You also include Dickens' Great Expectations, Bobbie Ann Mason's In Country, Henry James''s What Maisie Knew, and David Mitchell's impressive Black Swan Green. To be sure, there are yet others, say Jack Schaefer's Monte Walsh, that fit the rubric.
These examples ratify the visions you've brought into focus during your journey from a boy, reading for adventure, to a young man, reading for information. Then, there is the you, reading to teach himself how he might best compose stories of his own,evolving toward the self you now occupy, which has become a storyteller, editor, and teacher.
There is no traditional name for the second type of story. You've taken to calling it Stranger in Town, even hearing in your mind's ear the late great singer, Mel Torme, interpreting a song with that title. The stranger can be an actual stranger, an unknown person such as the lead character, Shane, in another novel by Jack Schaefer,. The stranger may be a native, returning home after having been away and, thus, no longer "one of us."
The third story archetype is a combination of the two, well represented in your Hundred Novels project by Willa Cather's My Antonia. You often find a distinct, additional binary in all three types, the aspect where one of the lead characters is told, "Time to make a choice.
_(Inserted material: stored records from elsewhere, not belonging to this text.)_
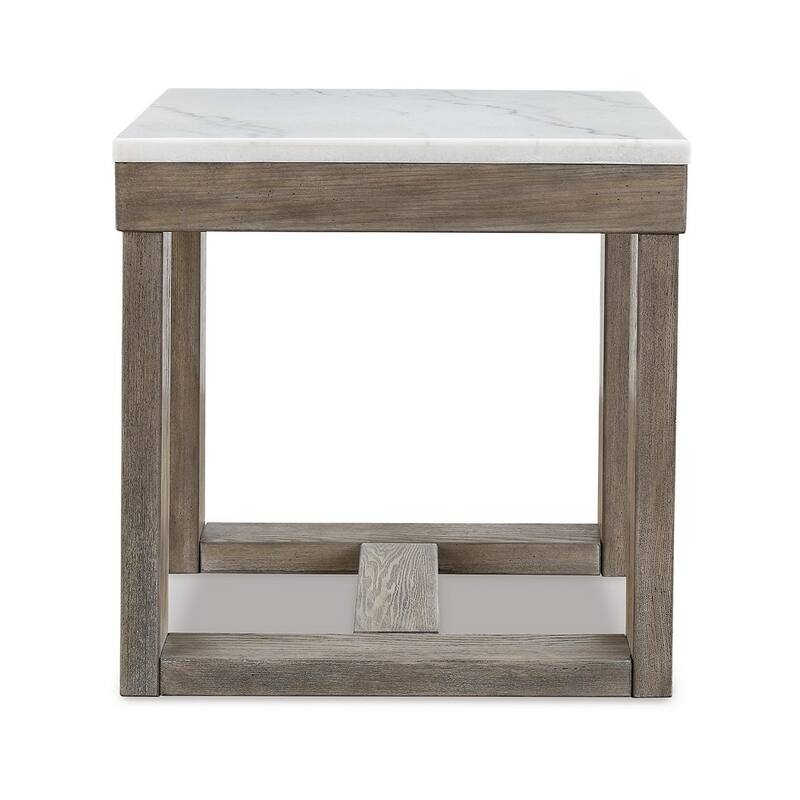 Aska Side End Table, Block Profile, Marble, 24 Inch Taupe Gray Wood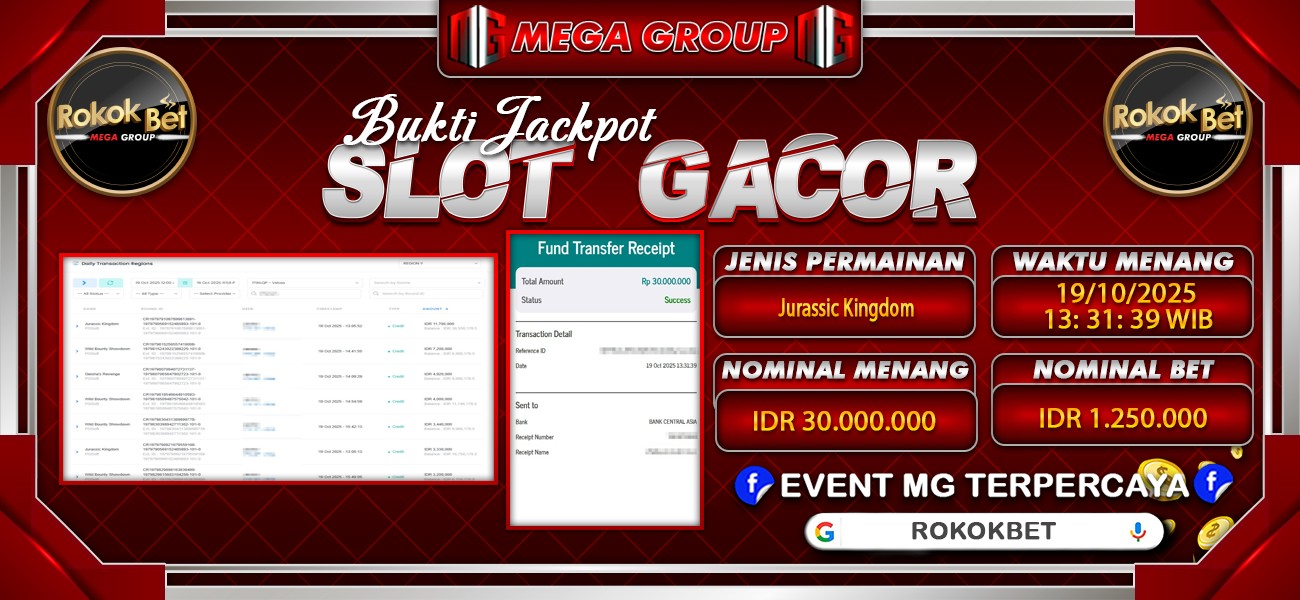 Bukti JP situs Rokokbet hari Minggu, 19 Oktober 2025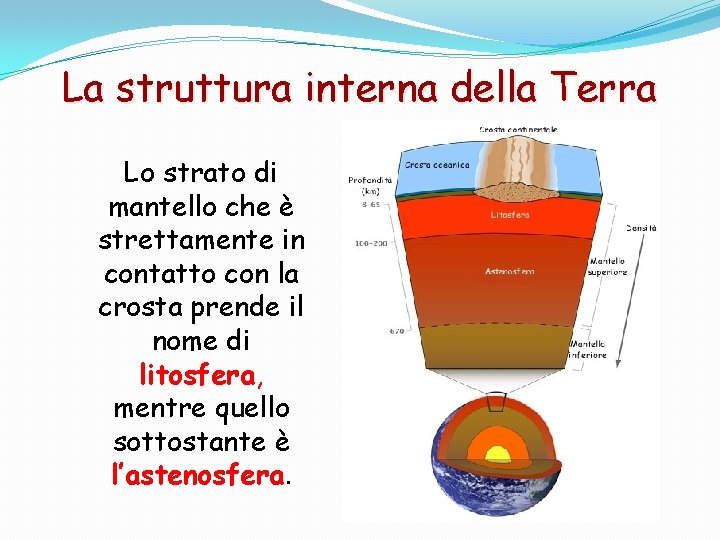 La struttura interna della Terra Lo strato di mantello che è strettamente in contatto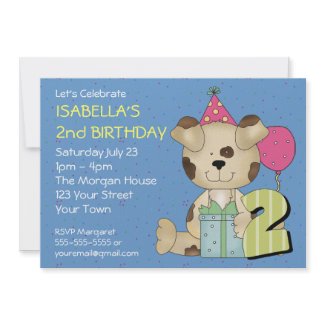 2nd Birthday Puppy Dog invitation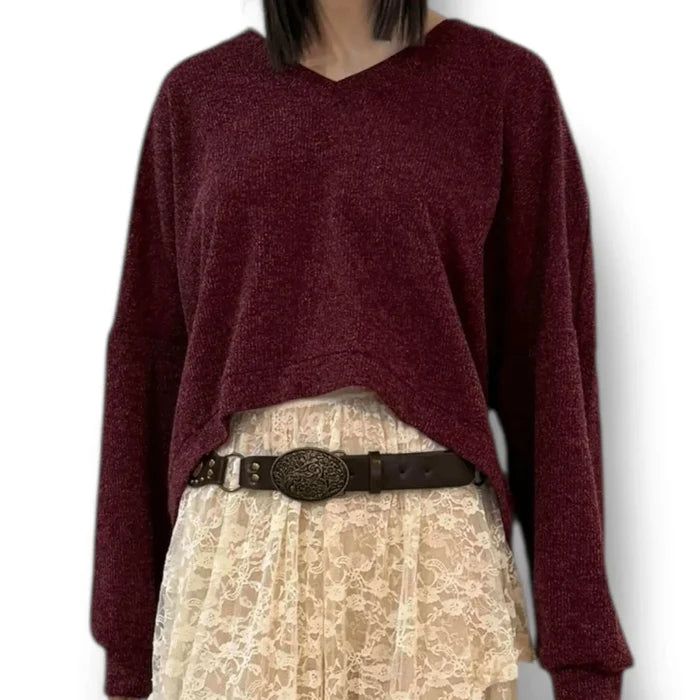 Oversized burgundy v-neck fuzzy chenille sweater with rib-knit cuffs and hem, relaxed fit long sleeve cozy knit top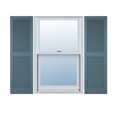 thumbnail image 1 of 18"W x 58"H Lifetime Vinyl, Custom Cathedral Top Center Mullion, Open Louver Shutters, w/Shutter-Loks (Per Pair), Wedgewood Blue, 1 of 15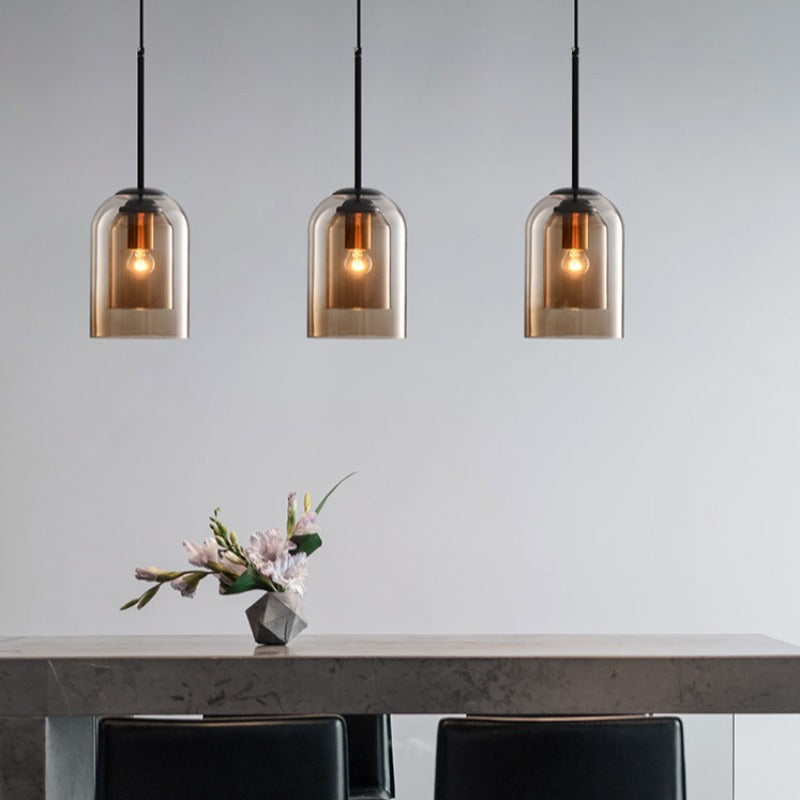 Pendelleuchte mit Doppelglas im Mid-Century Design – Rauchgrau oder Rost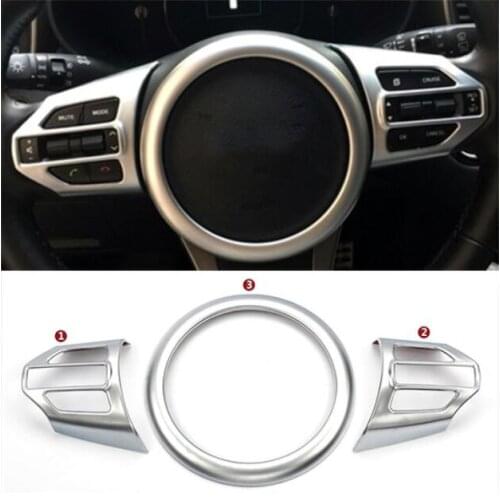 HOT ACCESSORIES 3PCS FIT FOR KIA SORENTO 2016- UM CHROME STEERING WHEEL PANEL INSERT TRIM COVER BEZEL FRAME MOLDING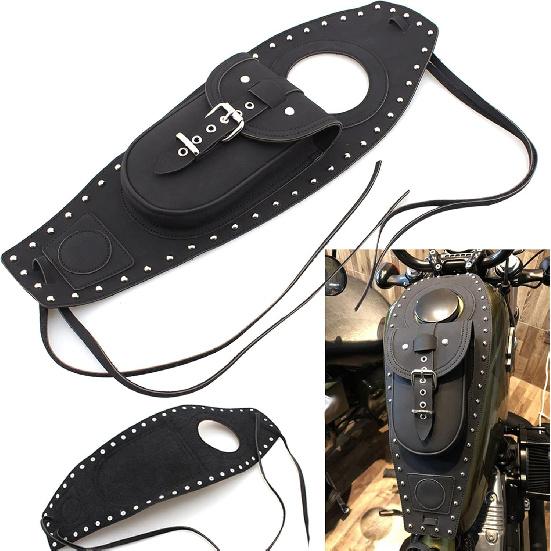 

EVGATSAUTO Сумка на панель, Мотоциклетная сумка для топлива, Накладка на бак, Черная искусственная кожа, Подходит для XLX1000 XL1200X XLH883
You're either with us [or In]. or against us [or Out]." The lead character is also often told, "There is no going back," or, "We don't take kindly to your new-fangled ways."
In your process of arriving at your own hundred novels and reviewing the also-rans, you notice the importance of choice within a given story, how the lead character is brought to some kind of reckoning or bargain table, and how the nature of the choice sends clues to the reader. Old vs New, Tradition vs Modernism, Norman vs Anglo-Saxon, American vs European, Improvise vs Follow the Script.
Lead characters must have more in mind than a goal they wish to achieve. They must want something beyond the form and shape of the culture from which they come. Would Romeo and Juliet have any of its power if Juliet had come from Romeo's own Montague clan? Would the precautions and strategies in that play have meaning if the two lovers were not from mortal enemies? Would Antigone's wish to bury her slain brother have the same effect if her dead brother had not opposed Creon, the newly crowned King?
To the same degree that Nature abhors a vacuum, Story wants no truck with goals and desires that do not stand as metaphors for something lost, withheld, denied, or misunderstood. Many successful writers are able to produce a significant body of work in which these requirements are present, seeming to arrive at them in ways described by critics as "natural" or "instinctive.
But isn't that approach a bit limiting? Some delving into the basic mysteries of self, reached through whimsical combinations of study, meditation, logic, and the investigation of myth, symbol, and culture, are more likely to provide the earnest student with causes, alternatives, and the potential for new basic causes with which to grapple.
The way you read Story now, it seems to you an earnest attempt to supply some kind of torch or other blaze of light to help us find our way through the labyrinths and mazes of the process we've come to regard as life.